------ RECORDS SHOWN ------
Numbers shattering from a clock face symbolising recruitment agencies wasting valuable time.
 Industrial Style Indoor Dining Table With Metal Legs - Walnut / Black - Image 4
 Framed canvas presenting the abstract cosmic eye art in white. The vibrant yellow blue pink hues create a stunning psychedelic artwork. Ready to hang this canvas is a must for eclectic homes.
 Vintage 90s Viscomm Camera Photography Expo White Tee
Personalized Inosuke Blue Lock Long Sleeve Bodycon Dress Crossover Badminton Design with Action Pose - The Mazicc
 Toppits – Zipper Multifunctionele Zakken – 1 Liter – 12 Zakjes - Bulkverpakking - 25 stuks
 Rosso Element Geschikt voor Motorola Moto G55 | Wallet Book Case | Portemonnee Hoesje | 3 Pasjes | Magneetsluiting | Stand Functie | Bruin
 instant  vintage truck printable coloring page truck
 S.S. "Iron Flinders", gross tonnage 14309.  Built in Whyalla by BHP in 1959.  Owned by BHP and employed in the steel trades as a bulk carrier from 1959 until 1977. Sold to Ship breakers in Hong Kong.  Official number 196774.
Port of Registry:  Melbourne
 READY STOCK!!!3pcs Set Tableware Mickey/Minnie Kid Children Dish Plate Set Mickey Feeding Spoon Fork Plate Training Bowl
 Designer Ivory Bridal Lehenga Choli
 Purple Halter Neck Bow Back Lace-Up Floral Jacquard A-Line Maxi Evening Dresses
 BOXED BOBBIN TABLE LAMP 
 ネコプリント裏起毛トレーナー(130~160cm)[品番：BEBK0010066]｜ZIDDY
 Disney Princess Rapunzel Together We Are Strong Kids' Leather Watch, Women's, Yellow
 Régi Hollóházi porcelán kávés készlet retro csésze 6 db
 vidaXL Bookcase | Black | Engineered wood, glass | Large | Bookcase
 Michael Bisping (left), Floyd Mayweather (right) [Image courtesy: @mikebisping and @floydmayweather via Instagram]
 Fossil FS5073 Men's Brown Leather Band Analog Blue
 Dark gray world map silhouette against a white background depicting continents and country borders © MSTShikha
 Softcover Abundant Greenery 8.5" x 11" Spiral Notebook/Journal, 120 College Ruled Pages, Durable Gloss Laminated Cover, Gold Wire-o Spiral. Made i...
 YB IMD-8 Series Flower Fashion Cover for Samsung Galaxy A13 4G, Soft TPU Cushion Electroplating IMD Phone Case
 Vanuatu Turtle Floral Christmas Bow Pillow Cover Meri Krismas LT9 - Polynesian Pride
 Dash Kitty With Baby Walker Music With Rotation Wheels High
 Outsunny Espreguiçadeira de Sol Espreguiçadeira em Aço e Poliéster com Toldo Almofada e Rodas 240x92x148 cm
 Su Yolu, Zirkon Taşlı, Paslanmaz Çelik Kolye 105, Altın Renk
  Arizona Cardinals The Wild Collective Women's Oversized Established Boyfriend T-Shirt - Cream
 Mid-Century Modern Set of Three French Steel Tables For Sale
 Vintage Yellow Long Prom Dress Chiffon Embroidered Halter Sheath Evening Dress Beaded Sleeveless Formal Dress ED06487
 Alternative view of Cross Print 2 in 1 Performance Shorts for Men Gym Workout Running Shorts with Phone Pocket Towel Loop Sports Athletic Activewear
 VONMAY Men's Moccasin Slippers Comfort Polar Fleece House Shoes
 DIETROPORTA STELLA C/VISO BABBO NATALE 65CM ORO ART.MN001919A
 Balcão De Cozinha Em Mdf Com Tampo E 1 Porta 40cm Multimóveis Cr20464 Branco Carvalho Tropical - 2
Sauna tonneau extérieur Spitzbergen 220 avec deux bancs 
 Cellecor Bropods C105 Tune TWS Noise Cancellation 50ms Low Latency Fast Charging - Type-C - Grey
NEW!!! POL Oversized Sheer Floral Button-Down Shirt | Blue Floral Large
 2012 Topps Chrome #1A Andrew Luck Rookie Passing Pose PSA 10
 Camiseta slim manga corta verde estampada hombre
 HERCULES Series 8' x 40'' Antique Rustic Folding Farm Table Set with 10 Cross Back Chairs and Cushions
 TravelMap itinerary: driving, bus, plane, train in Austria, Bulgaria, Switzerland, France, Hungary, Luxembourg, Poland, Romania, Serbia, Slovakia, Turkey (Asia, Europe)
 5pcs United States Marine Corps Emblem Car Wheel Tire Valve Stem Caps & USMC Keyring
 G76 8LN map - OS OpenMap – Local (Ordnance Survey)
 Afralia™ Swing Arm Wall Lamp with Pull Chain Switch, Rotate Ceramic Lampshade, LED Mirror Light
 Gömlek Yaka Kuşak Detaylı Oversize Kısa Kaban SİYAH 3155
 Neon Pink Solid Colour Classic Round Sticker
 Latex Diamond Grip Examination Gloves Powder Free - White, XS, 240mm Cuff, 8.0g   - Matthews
------
YOUR TASK: Repeat, exactly as they stand above, the lines from the line with "Designer Ivory Bridal Lehenga Choli" to the line with "Fossil FS5073 Men's", both lines included.

TASK RESPONSE:
 Designer Ivory Bridal Lehenga Choli
 Purple Halter Neck Bow Back Lace-Up Floral Jacquard A-Line Maxi Evening Dresses
 BOXED BOBBIN TABLE LAMP 
 ネコプリント裏起毛トレーナー(130~160cm)[品番：BEBK0010066]｜ZIDDY
 Disney Princess Rapunzel Together We Are Strong Kids' Leather Watch, Women's, Yellow
 Régi Hollóházi porcelán kávés készlet retro csésze 6 db
 vidaXL Bookcase | Black | Engineered wood, glass | Large | Bookcase
 Michael Bisping (left), Floyd Mayweather (right) [Image courtesy: @mikebisping and @floydmayweather via Instagram]
 Fossil FS5073 Men's Brown Leather Band Analog Blue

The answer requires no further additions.